Now that prices can be checked online in a tick, how can stores avoid ending up as mere showrooms for Internet sales? Matthew Valentine rejoices in the return of haggling

In an episode of 1980s BBC sitcom The Young Ones, a crazed Alexei Sayle knocks on the door of the central student household and asks if he can use the toilet. Given a negative response, he replies, ’I thought not. That’s why I pissed in your garden.’ Retailers could learn a lot from this.

There are now so many competitors to any given retailer that if one gives a negative reply to a reasonable customer request, the customer is almost obliged to make other arrangements out of personal pride. Gone are the days when being the only shop in town gave a retailer the clout to dictate how transactions are made. These retailers should now accept that they ought to relinquish some control over the prices paid for their products too.

Less than a decade ago my habit of asking for a discount when making any major purchase was considered bizarre, if not downright suspicious, by most of my friends. They are all at it now, happily waving computer printouts at shop assistants to show they can buy their chosen camera cheaper at Amazon. This style of transaction is here to stay.

There are many examples of retailers being slow to react to changing online trends. If you sell white goods, for example, do you expect customers to research fridges online before coming to your store? Or might they visit your store to check size, fit and finish before purchasing from the cheapest website? Increasingly, they use the latter method. This has encouraged retailers to pay more attention to their online offers, but their store designs still see fridges lined up like books on a shelf – not with space for customers to walk around them and reflect on how they might look in the kitchen.

So the growing uptake of mobile devices with Web access could mean a real headache. Not just planned purchases, but impulse ones will be subject to a price and benefits comparison, made there and then on a mobile phone. Like the 1990s cliché, where people barked ’I’m on the train’ into mobiles, the next decade will see them holding up phones in shops, asking ’Can you beat this price?’

This is a perfectly reasonable request. It is the simplest, most basic question that can be asked of a shopkeeper, and one that has been asked of every market stall holder in existence for millennia. Quite why consumers allowed this haggling to end and let retailers set the price is a mystery to me.

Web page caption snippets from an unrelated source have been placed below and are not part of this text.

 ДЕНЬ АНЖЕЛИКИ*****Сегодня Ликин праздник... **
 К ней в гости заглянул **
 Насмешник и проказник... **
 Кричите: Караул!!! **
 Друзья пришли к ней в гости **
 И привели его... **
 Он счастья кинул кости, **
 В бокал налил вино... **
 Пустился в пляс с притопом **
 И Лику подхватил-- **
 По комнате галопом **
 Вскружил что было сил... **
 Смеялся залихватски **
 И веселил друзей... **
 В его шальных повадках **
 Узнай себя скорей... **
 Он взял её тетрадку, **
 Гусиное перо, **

Fortunately, the Internet is an incredibly powerful bargaining tool. It shows up the lies retailers peddle when they tell us they are giving us a bargain. It is often nothing of the sort, but consumers now have the tools to demand better.

The solution, if stores are not to become mere showrooms for Internet sales, is to become more flexible on price and to encourage shoppers to make them an offer. Markets find their own levels, and consumers can easily find the going rate – or decide what they think it should be. The challenge will be for retailers to communicate this approach to customers, and to decide how much leeway to allow staff in accepting discounts.

Signage and ticketing will, obviously, need to be fundamentally rethought. Traditional store layouts with staff behind desks might be impractical, and the way space is used for displays may change. It might even be the case that a smaller selection of products will be offered to maximise margins. But giving customers more power to decide on what price they are prepared to pay for a product, or not, is a far more real choice than selecting between 30 variants of the same product.

If an occasional brash shopper gets a terrific bargain, retailers could still benefit from less leftover stock at the end of the season that has to be sold at a loss. And shoppers are less likely to be given a negative reply to a reasonable request, and to want to piss in the retailer’s garden.